_WORK ORDER:_
Exactly reproduce the lines from the line containing "Mains versant un" to the end of the data below, inclusive, and nothing else.

_Extracted records:_
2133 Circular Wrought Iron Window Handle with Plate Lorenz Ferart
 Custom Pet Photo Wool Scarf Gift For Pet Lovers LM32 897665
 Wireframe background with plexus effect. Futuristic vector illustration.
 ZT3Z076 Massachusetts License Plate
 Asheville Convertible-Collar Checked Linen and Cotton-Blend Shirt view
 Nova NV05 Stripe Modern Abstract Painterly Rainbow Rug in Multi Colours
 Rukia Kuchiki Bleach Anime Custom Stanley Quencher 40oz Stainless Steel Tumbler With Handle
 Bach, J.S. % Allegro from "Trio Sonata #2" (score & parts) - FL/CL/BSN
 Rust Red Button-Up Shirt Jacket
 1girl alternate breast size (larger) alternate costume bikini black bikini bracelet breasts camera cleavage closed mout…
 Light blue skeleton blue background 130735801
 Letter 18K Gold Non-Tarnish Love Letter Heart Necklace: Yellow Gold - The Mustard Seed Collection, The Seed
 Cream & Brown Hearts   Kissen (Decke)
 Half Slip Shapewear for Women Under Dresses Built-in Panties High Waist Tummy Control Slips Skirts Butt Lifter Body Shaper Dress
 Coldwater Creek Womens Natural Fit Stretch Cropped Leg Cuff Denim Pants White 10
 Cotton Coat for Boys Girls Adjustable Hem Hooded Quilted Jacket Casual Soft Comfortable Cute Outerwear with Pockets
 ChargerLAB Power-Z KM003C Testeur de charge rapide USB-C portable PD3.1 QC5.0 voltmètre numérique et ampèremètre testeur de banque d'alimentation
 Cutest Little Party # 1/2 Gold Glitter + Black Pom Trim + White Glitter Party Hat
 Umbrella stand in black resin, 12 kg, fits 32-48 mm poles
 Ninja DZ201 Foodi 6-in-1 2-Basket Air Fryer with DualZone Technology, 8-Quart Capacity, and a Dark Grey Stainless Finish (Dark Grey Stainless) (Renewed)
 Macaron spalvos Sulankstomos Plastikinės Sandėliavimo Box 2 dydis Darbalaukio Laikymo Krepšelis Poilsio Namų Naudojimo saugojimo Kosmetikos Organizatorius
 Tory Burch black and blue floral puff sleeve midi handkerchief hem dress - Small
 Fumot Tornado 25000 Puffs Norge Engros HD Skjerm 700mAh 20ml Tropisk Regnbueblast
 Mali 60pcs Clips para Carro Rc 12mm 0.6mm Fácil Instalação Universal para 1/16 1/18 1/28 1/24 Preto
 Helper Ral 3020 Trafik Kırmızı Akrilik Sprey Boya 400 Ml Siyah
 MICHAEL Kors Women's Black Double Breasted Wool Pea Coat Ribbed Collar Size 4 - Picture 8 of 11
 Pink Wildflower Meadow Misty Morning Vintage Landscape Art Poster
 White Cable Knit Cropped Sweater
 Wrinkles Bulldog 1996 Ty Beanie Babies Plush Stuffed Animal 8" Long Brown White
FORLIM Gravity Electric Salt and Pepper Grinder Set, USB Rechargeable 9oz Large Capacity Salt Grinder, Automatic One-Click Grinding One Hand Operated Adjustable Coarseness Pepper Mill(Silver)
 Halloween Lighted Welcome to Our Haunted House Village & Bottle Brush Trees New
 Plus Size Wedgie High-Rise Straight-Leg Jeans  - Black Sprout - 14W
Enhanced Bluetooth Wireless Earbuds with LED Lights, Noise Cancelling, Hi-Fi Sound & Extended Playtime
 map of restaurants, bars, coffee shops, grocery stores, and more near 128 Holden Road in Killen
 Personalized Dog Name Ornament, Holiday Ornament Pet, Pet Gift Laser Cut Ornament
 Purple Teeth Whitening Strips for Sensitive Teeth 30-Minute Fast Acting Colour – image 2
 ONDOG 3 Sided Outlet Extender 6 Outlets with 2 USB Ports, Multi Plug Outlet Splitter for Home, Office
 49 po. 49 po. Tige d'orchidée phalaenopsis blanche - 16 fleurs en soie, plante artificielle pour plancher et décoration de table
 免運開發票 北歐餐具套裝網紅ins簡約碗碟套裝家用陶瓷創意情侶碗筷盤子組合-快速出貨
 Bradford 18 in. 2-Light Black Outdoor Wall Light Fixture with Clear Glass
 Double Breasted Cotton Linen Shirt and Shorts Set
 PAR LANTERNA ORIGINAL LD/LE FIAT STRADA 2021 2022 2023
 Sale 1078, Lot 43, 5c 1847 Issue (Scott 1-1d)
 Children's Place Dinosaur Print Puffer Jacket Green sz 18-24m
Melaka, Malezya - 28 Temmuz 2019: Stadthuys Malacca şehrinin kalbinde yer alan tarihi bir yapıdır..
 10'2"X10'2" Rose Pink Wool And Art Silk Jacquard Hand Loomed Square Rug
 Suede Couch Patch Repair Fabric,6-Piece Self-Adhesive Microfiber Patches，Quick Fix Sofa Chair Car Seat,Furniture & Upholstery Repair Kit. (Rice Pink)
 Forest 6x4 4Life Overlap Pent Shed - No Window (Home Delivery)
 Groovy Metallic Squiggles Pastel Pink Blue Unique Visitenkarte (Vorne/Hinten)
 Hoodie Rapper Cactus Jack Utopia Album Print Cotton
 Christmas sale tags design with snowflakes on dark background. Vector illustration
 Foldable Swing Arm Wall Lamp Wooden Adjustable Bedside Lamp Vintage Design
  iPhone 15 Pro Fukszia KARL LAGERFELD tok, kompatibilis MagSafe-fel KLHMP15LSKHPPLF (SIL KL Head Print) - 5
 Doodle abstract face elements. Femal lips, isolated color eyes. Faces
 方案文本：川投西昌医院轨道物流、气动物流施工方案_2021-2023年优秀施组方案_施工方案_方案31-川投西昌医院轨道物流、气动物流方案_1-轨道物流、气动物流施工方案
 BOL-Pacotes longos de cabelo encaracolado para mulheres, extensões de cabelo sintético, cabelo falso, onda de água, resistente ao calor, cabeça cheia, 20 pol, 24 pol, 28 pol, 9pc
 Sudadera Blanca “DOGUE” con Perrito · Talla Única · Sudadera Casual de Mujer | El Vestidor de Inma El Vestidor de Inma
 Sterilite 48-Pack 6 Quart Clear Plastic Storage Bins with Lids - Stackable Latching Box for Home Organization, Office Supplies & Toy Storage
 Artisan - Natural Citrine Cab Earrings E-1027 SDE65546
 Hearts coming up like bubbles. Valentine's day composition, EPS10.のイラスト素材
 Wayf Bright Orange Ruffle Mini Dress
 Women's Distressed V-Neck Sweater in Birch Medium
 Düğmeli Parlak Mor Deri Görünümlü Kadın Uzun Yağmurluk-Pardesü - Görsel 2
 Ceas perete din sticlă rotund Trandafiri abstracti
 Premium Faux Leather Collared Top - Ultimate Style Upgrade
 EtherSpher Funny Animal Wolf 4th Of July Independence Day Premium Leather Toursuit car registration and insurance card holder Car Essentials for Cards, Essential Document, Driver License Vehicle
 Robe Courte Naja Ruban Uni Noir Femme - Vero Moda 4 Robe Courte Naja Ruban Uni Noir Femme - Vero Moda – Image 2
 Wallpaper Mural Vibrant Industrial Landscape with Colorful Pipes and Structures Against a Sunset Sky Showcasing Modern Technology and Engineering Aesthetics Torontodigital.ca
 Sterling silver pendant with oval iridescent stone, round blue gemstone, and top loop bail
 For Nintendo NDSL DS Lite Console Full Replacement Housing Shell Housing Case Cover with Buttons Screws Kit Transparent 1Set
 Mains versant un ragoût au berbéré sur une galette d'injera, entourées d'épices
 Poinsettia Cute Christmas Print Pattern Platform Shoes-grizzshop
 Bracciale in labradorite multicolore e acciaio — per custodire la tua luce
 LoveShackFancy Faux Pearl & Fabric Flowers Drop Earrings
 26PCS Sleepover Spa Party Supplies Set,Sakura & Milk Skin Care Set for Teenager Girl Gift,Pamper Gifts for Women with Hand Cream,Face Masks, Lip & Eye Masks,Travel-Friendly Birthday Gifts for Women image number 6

_ANSWER FOR THE TASK:_
 Mains versant un ragoût au berbéré sur une galette d'injera, entourées d'épices
 Poinsettia Cute Christmas Print Pattern Platform Shoes-grizzshop
 Bracciale in labradorite multicolore e acciaio — per custodire la tua luce
 LoveShackFancy Faux Pearl & Fabric Flowers Drop Earrings
 26PCS Sleepover Spa Party Supplies Set,Sakura & Milk Skin Care Set for Teenager Girl Gift,Pamper Gifts for Women with Hand Cream,Face Masks, Lip & Eye Masks,Travel-Friendly Birthday Gifts for Women image number 6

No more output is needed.